YOUR ASSIGNMENT — Would you set down the data below exactly as shown?
....
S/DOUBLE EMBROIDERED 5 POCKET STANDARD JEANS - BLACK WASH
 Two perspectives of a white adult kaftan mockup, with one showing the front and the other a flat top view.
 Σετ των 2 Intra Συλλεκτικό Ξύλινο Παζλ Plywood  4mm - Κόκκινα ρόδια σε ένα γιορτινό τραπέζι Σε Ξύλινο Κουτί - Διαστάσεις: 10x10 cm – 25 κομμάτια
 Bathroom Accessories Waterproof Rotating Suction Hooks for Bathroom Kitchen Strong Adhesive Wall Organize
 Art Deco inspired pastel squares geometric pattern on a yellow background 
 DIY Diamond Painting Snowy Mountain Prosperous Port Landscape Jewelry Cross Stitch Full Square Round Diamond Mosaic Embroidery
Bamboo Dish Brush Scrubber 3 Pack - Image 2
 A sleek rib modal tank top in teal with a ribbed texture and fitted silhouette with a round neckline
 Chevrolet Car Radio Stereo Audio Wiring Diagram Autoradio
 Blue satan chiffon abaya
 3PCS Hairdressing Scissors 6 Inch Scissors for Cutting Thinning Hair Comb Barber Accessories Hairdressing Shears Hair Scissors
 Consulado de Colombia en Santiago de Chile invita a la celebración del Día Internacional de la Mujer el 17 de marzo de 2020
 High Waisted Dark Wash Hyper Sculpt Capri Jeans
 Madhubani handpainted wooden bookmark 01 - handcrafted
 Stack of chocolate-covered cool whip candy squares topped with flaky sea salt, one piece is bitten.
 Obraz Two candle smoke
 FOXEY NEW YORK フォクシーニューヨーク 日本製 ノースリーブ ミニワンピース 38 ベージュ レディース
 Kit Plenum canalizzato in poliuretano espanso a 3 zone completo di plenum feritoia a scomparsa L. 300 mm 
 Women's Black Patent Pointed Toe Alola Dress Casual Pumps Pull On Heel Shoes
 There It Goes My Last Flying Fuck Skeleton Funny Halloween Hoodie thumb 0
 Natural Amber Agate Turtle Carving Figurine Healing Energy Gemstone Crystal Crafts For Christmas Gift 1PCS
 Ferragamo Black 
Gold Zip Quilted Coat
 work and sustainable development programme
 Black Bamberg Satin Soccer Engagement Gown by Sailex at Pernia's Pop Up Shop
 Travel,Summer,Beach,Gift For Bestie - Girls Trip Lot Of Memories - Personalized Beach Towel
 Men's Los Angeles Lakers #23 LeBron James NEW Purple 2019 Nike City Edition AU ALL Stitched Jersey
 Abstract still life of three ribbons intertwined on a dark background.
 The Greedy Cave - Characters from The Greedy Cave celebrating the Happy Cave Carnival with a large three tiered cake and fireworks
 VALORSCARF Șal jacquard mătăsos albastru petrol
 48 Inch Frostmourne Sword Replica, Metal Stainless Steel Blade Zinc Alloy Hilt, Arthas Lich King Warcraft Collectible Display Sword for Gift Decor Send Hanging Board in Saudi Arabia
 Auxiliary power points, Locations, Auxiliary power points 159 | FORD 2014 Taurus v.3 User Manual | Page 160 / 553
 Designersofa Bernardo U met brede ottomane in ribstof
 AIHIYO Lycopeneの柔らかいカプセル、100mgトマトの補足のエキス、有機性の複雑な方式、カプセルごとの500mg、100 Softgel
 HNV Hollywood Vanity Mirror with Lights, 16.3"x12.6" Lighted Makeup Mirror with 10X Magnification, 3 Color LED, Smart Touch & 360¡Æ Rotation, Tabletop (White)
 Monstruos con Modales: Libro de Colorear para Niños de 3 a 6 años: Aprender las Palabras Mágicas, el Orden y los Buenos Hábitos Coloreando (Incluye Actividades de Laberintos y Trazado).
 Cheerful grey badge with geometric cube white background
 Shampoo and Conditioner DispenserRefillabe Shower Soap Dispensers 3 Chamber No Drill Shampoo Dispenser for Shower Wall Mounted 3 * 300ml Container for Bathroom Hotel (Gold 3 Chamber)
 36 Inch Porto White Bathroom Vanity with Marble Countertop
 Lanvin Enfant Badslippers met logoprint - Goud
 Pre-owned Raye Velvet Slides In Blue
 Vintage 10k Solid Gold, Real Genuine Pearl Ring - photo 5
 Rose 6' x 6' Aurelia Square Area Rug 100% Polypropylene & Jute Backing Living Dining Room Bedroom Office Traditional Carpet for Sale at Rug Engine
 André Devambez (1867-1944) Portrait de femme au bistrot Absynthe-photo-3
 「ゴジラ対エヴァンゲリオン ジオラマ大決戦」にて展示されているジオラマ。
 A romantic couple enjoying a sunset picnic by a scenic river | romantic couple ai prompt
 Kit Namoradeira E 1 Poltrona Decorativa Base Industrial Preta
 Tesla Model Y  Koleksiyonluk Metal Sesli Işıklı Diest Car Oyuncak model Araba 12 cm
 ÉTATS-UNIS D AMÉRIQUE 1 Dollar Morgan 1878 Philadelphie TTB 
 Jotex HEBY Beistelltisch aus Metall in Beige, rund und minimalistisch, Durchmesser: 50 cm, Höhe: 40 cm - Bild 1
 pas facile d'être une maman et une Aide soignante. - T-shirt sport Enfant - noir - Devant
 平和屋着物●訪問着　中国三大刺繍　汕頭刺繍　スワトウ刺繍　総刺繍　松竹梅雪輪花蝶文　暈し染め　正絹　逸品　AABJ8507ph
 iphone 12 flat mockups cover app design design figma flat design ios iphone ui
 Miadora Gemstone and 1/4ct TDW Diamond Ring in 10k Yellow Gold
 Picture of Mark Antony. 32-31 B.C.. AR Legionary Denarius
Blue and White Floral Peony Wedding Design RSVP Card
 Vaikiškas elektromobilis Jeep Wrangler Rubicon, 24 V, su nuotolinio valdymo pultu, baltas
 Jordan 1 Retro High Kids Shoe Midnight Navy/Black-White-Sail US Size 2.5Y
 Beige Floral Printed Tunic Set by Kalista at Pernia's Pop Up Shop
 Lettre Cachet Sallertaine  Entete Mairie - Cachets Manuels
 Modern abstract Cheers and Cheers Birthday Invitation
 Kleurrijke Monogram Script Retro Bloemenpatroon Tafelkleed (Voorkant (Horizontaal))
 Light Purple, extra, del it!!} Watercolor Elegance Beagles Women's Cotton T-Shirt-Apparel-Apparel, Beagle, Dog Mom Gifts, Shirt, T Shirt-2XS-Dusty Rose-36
....
SOLVED EXERCISE —
S/DOUBLE EMBROIDERED 5 POCKET STANDARD JEANS - BLACK WASH
 Two perspectives of a white adult kaftan mockup, with one showing the front and the other a flat top view.
 Σετ των 2 Intra Συλλεκτικό Ξύλινο Παζλ Plywood  4mm - Κόκκινα ρόδια σε ένα γιορτινό τραπέζι Σε Ξύλινο Κουτί - Διαστάσεις: 10x10 cm – 25 κομμάτια
 Bathroom Accessories Waterproof Rotating Suction Hooks for Bathroom Kitchen Strong Adhesive Wall Organize
 Art Deco inspired pastel squares geometric pattern on a yellow background 
 DIY Diamond Painting Snowy Mountain Prosperous Port Landscape Jewelry Cross Stitch Full Square Round Diamond Mosaic Embroidery
Bamboo Dish Brush Scrubber 3 Pack - Image 2
 A sleek rib modal tank top in teal with a ribbed texture and fitted silhouette with a round neckline
 Chevrolet Car Radio Stereo Audio Wiring Diagram Autoradio
 Blue satan chiffon abaya
 3PCS Hairdressing Scissors 6 Inch Scissors for Cutting Thinning Hair Comb Barber Accessories Hairdressing Shears Hair Scissors
 Consulado de Colombia en Santiago de Chile invita a la celebración del Día Internacional de la Mujer el 17 de marzo de 2020
 High Waisted Dark Wash Hyper Sculpt Capri Jeans
 Madhubani handpainted wooden bookmark 01 - handcrafted
 Stack of chocolate-covered cool whip candy squares topped with flaky sea salt, one piece is bitten.
 Obraz Two candle smoke
 FOXEY NEW YORK フォクシーニューヨーク 日本製 ノースリーブ ミニワンピース 38 ベージュ レディース
 Kit Plenum canalizzato in poliuretano espanso a 3 zone completo di plenum feritoia a scomparsa L. 300 mm 
 Women's Black Patent Pointed Toe Alola Dress Casual Pumps Pull On Heel Shoes
 There It Goes My Last Flying Fuck Skeleton Funny Halloween Hoodie thumb 0
 Natural Amber Agate Turtle Carving Figurine Healing Energy Gemstone Crystal Crafts For Christmas Gift 1PCS
 Ferragamo Black 
Gold Zip Quilted Coat
 work and sustainable development programme
 Black Bamberg Satin Soccer Engagement Gown by Sailex at Pernia's Pop Up Shop
 Travel,Summer,Beach,Gift For Bestie - Girls Trip Lot Of Memories - Personalized Beach Towel
 Men's Los Angeles Lakers #23 LeBron James NEW Purple 2019 Nike City Edition AU ALL Stitched Jersey
 Abstract still life of three ribbons intertwined on a dark background.
 The Greedy Cave - Characters from The Greedy Cave celebrating the Happy Cave Carnival with a large three tiered cake and fireworks
 VALORSCARF Șal jacquard mătăsos albastru petrol
 48 Inch Frostmourne Sword Replica, Metal Stainless Steel Blade Zinc Alloy Hilt, Arthas Lich King Warcraft Collectible Display Sword for Gift Decor Send Hanging Board in Saudi Arabia
 Auxiliary power points, Locations, Auxiliary power points 159 | FORD 2014 Taurus v.3 User Manual | Page 160 / 553
 Designersofa Bernardo U met brede ottomane in ribstof
 AIHIYO Lycopeneの柔らかいカプセル、100mgトマトの補足のエキス、有機性の複雑な方式、カプセルごとの500mg、100 Softgel
 HNV Hollywood Vanity Mirror with Lights, 16.3"x12.6" Lighted Makeup Mirror with 10X Magnification, 3 Color LED, Smart Touch & 360¡Æ Rotation, Tabletop (White)
 Monstruos con Modales: Libro de Colorear para Niños de 3 a 6 años: Aprender las Palabras Mágicas, el Orden y los Buenos Hábitos Coloreando (Incluye Actividades de Laberintos y Trazado).
 Cheerful grey badge with geometric cube white background
 Shampoo and Conditioner DispenserRefillabe Shower Soap Dispensers 3 Chamber No Drill Shampoo Dispenser for Shower Wall Mounted 3 * 300ml Container for Bathroom Hotel (Gold 3 Chamber)
 36 Inch Porto White Bathroom Vanity with Marble Countertop
 Lanvin Enfant Badslippers met logoprint - Goud
 Pre-owned Raye Velvet Slides In Blue
 Vintage 10k Solid Gold, Real Genuine Pearl Ring - photo 5
 Rose 6' x 6' Aurelia Square Area Rug 100% Polypropylene & Jute Backing Living Dining Room Bedroom Office Traditional Carpet for Sale at Rug Engine
 André Devambez (1867-1944) Portrait de femme au bistrot Absynthe-photo-3
 「ゴジラ対エヴァンゲリオン ジオラマ大決戦」にて展示されているジオラマ。
 A romantic couple enjoying a sunset picnic by a scenic river | romantic couple ai prompt
 Kit Namoradeira E 1 Poltrona Decorativa Base Industrial Preta
 Tesla Model Y  Koleksiyonluk Metal Sesli Işıklı Diest Car Oyuncak model Araba 12 cm
 ÉTATS-UNIS D AMÉRIQUE 1 Dollar Morgan 1878 Philadelphie TTB 
 Jotex HEBY Beistelltisch aus Metall in Beige, rund und minimalistisch, Durchmesser: 50 cm, Höhe: 40 cm - Bild 1
 pas facile d'être une maman et une Aide soignante. - T-shirt sport Enfant - noir - Devant
 平和屋着物●訪問着　中国三大刺繍　汕頭刺繍　スワトウ刺繍　総刺繍　松竹梅雪輪花蝶文　暈し染め　正絹　逸品　AABJ8507ph
 iphone 12 flat mockups cover app design design figma flat design ios iphone ui
 Miadora Gemstone and 1/4ct TDW Diamond Ring in 10k Yellow Gold
 Picture of Mark Antony. 32-31 B.C.. AR Legionary Denarius
Blue and White Floral Peony Wedding Design RSVP Card
 Vaikiškas elektromobilis Jeep Wrangler Rubicon, 24 V, su nuotolinio valdymo pultu, baltas
 Jordan 1 Retro High Kids Shoe Midnight Navy/Black-White-Sail US Size 2.5Y
 Beige Floral Printed Tunic Set by Kalista at Pernia's Pop Up Shop
 Lettre Cachet Sallertaine  Entete Mairie - Cachets Manuels
 Modern abstract Cheers and Cheers Birthday Invitation
 Kleurrijke Monogram Script Retro Bloemenpatroon Tafelkleed (Voorkant (Horizontaal))
 Light Purple, extra, del it!!} Watercolor Elegance Beagles Women's Cotton T-Shirt-Apparel-Apparel, Beagle, Dog Mom Gifts, Shirt, T Shirt-2XS-Dusty Rose-36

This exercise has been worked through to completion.